Didier Deschamps tiene la mirada perdida, la boca abierta y los dientes al aire. No termina de entender por qué las cosas no están saliendo como deberían en el debut mundialista de Francia. Australia acaba de empatar el partido 1-1, tras un inocente penal de Umtiti.
El DT revisa mentalmente las precisas instrucciones que le dio Aimé Jacquet, vestido como bailarín del Bolshoi, en un extraño sueño que tuvo la primera noche que durmieron en suelo ruso. Tenía todo lo que le pidieron: un arquero irregular, un lateral joven y con cara de dormido, un central lujoso y otro rudo y negro, un volante de marca bajito y feo, otro flaco y señorial, un 10 cerebral y de pelo corto, un delantero joven y rápido. ¿Faltaba algo?
Una brisa leve lo sacó de sus reflexiones y lo hizo mirar hacia su izquierda.
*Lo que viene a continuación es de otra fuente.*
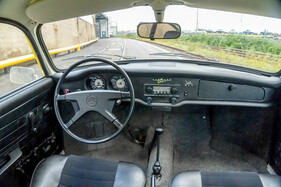 Volkswagen Karmann Ghia Coupé Typ 14 (1974) - Schlichtes Interieur, leider ohne Holz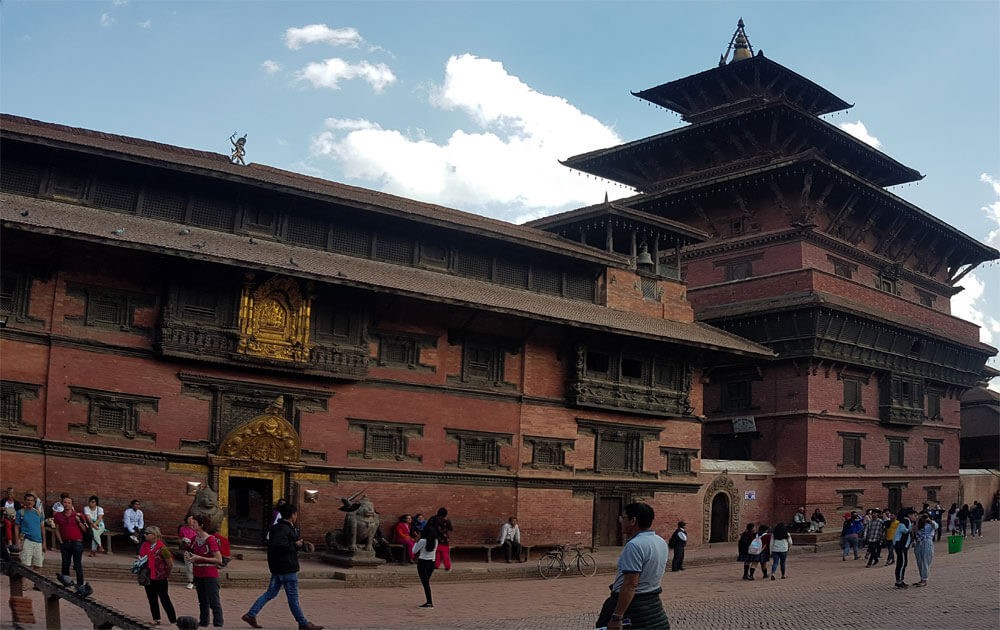 pagoda temple and patan palace on bhaktapur and patan day tour.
Parado, a su lado, estaba Jacquet, ahora con ropa de cosaco imperial. El entrenador de Francia 98 lo miró fijo, con ojos acuosos, y lo interrogó: “¿No tendrías que hacer un cambio arriba?”. Cuando Deschamps iba a preguntar dónde había comprado ese bonito Papaja (sombrero tradicional ruso), la imagen traslúcida de Aimé comenzó a reducirse hasta desaparecer a sus pies. Al terminar de bajar la vista los ojos de Didier se encontraron con un reluciente conito naranja. Fue suficiente.
“Traelo a Giroud”, gritó Deschamps a uno de sus ayudantes. Después de unas cuantas indicaciones para las cámaras, Olivier entró a los 70 minutos en lugar de Antoine Griezmann, la figura de ese partido y de Francia en toda la Copa. El insólito sacrificio dio resultado. Diez minutos más tarde, un defensor australiano, en contra, les dio la victoria.
Casi un mes después, en Moscú, Francia se consagró bicampeón mundial. Con ese mismo equipo. Con Giroud como 9 falso, sin goles y sin tiros al arco, porque no le cuentan ni el intento en semis ante Bélgica que le tapó Dembelé con los botines. Con la cábala de la doble Francia, espejada en el éxito de 1998, como principal responsable.
Se hizo evidente que, en ese esquema, Giroud venía a reemplazar a aquel recordado centrodelantero sin gol que encabezó el ataque francés hace dos décadas: Stéphane Guivarc’h. El exdelantero de Bordeaux tuvo mucho menos ruedo en selección que el atacante de Chelsea. Solo jugó 14 partidos entre 1997 y 1999 y anotó apenas un gol. Las cifras de Giroud, 81 partidos y 31 goles, son mejores pero tampoco parecen gran cosa. Como sucedáneo es ideal.
En un recorrido inverso, Guivarc’h arrancó como titular en Francia 98 pero fue reemplazado por Dugarry en el debut ante Sudáfrica. Jugó unos minutos en el final de la fase de grupos, versus Dinamarca, y en 8vos, versus Paraguay. Volvió a ser titular ante Italia, lo reemplazó Henry, en semis, lo reemplazó Trezeguet y en la final, entró Dugarry. En total, casi 300 minutos sin goles.
Como en 1998, primero llegaron las críticas. No sólo por la falta del gol si no, en especial, por la falta de juego. Y, luego, el respaldo. Deschamps, como Jaques en su momento, defendió a su jugador y destacó su habilidad para recibir de espaldas y para colaborar en funciones defensivas. Argentina perdió con falso 9 ante el equipo del 9 falso.
Al final, Giroud se rió de todas esas críticas, mientras levantaba la copa del mundo con un peinado prolijo y una sonrisa cristalina. Solo una persona dijo sufrir por su situación. “Estoy un poco triste por Giroud. No tiene recompensa por sus esfuerzos”, afirmó Guivarc’h, sobre la sequía de su avatar. Hablaba de la efímera recompensa del gol. La recompensa más grande, como avisó en un sueño un viejo DT vestido de bailarín, llegó cuando Francia decidió respetar sus costumbres.